Even a limited bombing campaign would have an explosive effect throughout the Middle East and in the United States. The US public is tired of foreign military adventures, and would not be at all happy to be embroiled in another one. There would be mass demonstrations in every US city, which could rapidly turn into a general protest against the government.
That was a little too much for President Trump, who peremptorily cancelled the bombing of Iran with only five minutes’ notice! One can just imagine the reaction of the National Security Advisor, whose face must have resembled that of an angry, sex-starved walrus who has just been denied the chance to mate.
Now we can see what lies behind the present little spat in the Trump administration. There were just too many disagreements, too many rows. In short, there was just not enough elbow room in the White House for two outsized egos to rub along with any degree of comfort. In the well-known phrase, so often uttered in the saloon bars of B-movie westerns: “This here town ain’t big enough for both of us, par’ner.”
If my memory serves me correctly, Bolton is now the third National Security Advisor of this administration to have bitten the dust. By one of those strange coincidences with which history is so rich, the first of these illustrious gentlemen is currently awaiting trial for lying to Congress. A long and happy future doubtless awaits him in a Federal Penitentiary.
As to the future of John Bolton, I will not hazard a guess. Perhaps he will go back to his old job as a TV commentator for Fox News, where he can curse the President and his foreign policy to his heart’s content. Or, he could make a new career designing anti-communist computer war games for children of pre-school age. If all else fails, he could resort to selling second-hand cars.
But then, who would buy a second-hand car from John Bolton?
A sad fate for one with such visionary insights. But perhaps not as sad as the poor President who now, like Citizen Kane in that film by what’s-his-name, in the end finds himself all on his own, lonely and unloved in that gloomy old White House.
He will naturally find it very difficult to locate a suitable replacement for old John. People will think twice before accepting the job of Security Advisor, which is, so to speak, so very insecure.

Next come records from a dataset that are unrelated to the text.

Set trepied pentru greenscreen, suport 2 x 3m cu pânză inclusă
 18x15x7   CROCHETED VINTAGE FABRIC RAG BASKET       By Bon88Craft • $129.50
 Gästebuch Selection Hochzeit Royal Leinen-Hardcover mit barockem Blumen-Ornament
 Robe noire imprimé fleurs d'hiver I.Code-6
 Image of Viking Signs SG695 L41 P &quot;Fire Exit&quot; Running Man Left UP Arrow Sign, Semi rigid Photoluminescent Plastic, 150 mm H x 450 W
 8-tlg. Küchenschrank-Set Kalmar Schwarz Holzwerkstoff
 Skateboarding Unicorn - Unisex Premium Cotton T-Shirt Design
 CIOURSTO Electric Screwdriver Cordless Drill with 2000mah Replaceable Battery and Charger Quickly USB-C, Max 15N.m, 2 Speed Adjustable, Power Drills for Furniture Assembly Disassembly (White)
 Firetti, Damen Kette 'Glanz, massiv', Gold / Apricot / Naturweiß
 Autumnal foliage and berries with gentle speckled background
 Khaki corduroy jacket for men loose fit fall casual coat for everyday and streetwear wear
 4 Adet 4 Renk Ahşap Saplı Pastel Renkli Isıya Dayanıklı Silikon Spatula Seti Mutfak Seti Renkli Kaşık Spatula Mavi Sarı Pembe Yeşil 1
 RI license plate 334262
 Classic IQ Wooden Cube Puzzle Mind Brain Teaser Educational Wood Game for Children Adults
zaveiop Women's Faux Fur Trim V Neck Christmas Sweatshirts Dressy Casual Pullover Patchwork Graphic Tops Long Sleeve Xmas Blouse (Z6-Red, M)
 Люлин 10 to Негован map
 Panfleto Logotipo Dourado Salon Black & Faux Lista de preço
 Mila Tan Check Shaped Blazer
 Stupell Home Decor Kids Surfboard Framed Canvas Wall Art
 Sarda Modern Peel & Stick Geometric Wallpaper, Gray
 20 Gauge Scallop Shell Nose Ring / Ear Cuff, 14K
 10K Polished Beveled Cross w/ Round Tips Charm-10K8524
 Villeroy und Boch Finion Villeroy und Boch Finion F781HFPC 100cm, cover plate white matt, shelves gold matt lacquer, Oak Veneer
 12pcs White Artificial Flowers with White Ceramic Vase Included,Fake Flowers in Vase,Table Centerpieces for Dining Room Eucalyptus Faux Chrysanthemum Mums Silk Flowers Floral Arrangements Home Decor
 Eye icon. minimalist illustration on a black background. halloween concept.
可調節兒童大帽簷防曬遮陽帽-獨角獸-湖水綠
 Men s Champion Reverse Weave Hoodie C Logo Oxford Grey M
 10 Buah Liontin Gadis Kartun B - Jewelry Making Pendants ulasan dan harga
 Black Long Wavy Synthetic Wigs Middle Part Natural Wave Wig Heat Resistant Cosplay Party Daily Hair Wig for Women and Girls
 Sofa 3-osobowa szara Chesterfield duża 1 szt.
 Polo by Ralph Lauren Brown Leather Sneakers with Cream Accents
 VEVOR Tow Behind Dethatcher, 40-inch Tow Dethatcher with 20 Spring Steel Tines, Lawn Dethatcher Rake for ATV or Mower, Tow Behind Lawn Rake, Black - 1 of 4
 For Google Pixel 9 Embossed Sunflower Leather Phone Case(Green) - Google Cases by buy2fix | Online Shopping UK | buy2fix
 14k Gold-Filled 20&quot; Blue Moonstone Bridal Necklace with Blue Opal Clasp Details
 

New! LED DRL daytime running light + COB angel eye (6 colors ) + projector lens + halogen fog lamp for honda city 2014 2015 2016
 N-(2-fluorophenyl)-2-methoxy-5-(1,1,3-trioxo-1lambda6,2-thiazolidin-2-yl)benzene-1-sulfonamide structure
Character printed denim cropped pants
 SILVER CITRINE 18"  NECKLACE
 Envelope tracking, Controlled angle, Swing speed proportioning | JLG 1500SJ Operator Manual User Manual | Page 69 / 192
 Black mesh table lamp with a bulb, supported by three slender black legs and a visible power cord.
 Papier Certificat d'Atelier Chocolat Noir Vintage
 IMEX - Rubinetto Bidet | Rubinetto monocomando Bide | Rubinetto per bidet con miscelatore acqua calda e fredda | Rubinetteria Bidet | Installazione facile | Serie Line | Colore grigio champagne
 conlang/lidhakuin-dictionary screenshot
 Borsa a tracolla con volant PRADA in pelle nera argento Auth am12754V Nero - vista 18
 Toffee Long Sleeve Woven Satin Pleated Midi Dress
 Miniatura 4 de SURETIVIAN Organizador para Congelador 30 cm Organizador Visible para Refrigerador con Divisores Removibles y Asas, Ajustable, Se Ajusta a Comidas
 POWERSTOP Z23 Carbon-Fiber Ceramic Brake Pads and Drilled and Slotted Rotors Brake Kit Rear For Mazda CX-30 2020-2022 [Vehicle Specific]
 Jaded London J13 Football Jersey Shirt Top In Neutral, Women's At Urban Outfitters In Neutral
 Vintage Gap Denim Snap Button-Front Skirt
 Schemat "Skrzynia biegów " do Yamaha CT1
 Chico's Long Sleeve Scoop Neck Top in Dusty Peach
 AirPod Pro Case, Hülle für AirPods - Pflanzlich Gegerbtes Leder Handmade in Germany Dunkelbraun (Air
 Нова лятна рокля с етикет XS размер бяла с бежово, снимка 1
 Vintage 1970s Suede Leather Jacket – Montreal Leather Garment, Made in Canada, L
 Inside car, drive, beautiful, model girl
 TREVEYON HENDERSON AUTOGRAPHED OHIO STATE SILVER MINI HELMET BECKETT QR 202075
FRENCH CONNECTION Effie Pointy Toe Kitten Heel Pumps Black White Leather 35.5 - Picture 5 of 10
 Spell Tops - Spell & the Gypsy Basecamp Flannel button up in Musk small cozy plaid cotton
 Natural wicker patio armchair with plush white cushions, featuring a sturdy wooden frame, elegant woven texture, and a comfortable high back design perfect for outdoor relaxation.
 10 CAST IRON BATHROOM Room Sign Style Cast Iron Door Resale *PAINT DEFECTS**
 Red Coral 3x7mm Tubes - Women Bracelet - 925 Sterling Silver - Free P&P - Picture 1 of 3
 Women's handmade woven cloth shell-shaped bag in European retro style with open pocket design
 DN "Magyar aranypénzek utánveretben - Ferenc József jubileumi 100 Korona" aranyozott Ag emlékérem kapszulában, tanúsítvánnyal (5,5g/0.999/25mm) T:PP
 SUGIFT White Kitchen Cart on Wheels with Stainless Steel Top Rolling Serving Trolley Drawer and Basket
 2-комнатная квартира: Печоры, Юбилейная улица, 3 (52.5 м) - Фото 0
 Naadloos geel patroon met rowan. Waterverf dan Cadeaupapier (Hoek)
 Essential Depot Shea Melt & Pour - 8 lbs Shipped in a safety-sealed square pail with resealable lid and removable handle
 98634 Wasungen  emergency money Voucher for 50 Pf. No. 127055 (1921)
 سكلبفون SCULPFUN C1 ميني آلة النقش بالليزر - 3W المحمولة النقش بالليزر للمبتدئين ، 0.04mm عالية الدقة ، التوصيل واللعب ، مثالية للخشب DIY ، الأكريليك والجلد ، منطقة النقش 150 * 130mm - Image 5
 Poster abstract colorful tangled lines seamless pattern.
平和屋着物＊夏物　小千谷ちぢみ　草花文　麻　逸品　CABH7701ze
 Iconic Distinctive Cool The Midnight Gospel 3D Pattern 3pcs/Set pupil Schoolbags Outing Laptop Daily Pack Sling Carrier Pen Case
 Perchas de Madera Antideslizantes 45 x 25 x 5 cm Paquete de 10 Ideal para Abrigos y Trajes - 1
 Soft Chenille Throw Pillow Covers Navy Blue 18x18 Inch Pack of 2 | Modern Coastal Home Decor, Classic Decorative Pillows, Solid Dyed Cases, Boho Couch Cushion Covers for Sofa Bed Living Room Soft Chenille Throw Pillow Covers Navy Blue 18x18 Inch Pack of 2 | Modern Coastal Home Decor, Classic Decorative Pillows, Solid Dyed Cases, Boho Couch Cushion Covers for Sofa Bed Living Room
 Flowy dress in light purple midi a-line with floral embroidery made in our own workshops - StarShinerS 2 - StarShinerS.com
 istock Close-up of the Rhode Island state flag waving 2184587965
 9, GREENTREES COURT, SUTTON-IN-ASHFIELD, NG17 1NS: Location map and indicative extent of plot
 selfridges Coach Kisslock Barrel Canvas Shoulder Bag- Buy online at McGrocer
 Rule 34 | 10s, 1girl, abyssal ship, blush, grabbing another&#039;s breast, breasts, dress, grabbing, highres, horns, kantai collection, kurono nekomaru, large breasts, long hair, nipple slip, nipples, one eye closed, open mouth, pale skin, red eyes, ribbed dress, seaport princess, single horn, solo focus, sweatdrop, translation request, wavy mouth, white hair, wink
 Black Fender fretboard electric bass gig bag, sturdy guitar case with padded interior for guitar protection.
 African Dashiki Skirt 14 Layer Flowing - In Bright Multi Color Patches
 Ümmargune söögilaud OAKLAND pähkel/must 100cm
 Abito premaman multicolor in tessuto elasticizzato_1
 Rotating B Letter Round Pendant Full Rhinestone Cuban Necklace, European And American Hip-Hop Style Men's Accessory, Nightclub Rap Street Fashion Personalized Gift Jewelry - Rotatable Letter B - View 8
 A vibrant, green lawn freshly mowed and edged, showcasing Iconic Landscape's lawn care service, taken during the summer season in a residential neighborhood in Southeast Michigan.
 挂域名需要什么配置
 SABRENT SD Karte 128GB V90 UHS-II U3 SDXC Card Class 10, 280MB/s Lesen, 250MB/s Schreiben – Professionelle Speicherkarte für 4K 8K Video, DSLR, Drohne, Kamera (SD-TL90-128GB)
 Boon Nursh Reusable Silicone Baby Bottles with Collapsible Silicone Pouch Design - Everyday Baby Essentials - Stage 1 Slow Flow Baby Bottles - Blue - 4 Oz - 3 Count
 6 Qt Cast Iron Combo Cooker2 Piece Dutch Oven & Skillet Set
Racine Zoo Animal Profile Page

The next one will have to bear a striking resemblance to a pet poodle: diminutive, one who likes having his ears stroked softly, but does not object violently to a kick up the proverbial anus.
Yes, a poodle dog that does not bark but does know how to sit up and beg. It would, of course, have to be a poodle dog that knows how to speak, but only when it is spoken to, and speaks only to praise and glorify his Master and all His Works. Now that is the kind of National Security Advisor a man could live with!